En confinement, la nostalgie se pointe plus souvent. Ces nouveaux décès dans ce qu’on appelait jadis la « colonie artistique » la ravivent de plus belle.

Né avec la Révolution tranquille, un phénomène inouï m’avait frappée toute jeune. Au Québec, pour une aussi petite population en nombre, les artistes de grand talent s’y bousculent au pouce carré. Qu’on le réalise ou non, les artistes, « nos » artistes, nous habitent et nous accompagnent.

Je l’avais d’abord remarqué chez ma maman. Dans notre famille ouvrière, sa vie était très dure. Beaucoup de privations. Pas seulement matérielles.
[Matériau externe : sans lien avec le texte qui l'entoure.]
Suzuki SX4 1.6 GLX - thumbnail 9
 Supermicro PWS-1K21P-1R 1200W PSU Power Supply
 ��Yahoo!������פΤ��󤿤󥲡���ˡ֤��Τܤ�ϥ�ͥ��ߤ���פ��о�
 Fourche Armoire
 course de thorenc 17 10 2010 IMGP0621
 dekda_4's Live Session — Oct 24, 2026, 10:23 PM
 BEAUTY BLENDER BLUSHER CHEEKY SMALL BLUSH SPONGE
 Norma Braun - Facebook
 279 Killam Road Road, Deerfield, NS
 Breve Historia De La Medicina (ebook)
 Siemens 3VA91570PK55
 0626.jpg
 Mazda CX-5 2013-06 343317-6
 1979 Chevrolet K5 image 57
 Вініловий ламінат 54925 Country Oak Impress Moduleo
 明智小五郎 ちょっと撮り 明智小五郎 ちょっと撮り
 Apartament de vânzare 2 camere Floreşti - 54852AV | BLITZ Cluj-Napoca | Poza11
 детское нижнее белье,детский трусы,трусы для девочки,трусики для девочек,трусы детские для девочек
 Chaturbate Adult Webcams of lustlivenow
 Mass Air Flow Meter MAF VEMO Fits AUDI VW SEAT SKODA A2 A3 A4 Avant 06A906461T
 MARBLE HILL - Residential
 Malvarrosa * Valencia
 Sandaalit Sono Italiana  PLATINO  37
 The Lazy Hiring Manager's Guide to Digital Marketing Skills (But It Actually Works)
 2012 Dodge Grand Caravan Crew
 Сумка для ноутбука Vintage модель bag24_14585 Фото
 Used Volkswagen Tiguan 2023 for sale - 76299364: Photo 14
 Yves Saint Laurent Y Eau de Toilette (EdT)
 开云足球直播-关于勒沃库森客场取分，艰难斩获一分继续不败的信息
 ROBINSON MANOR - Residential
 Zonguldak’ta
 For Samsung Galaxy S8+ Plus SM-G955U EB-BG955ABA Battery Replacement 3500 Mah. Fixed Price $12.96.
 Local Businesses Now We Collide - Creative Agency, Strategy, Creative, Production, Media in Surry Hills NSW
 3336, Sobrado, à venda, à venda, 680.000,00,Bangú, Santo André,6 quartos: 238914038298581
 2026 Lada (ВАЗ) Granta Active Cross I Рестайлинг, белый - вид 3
Mais quand elle écoutait un « microsillon » de Ginette Reno, ses yeux souriaient de bonheur.

Embellir nos vies

Je le voyais aussi quand elle regardait un télé-théâtre avec Gilles Pelletier. Qu’elle s’émouvait d’un monologue d’Yvon Deschamps. Qu’elle chantonnait du Leclerc ou du Vigneault. Qu’elle s’amusait des blagues de Claude Blanchard ou des acrobaties d’Olivier Guimond.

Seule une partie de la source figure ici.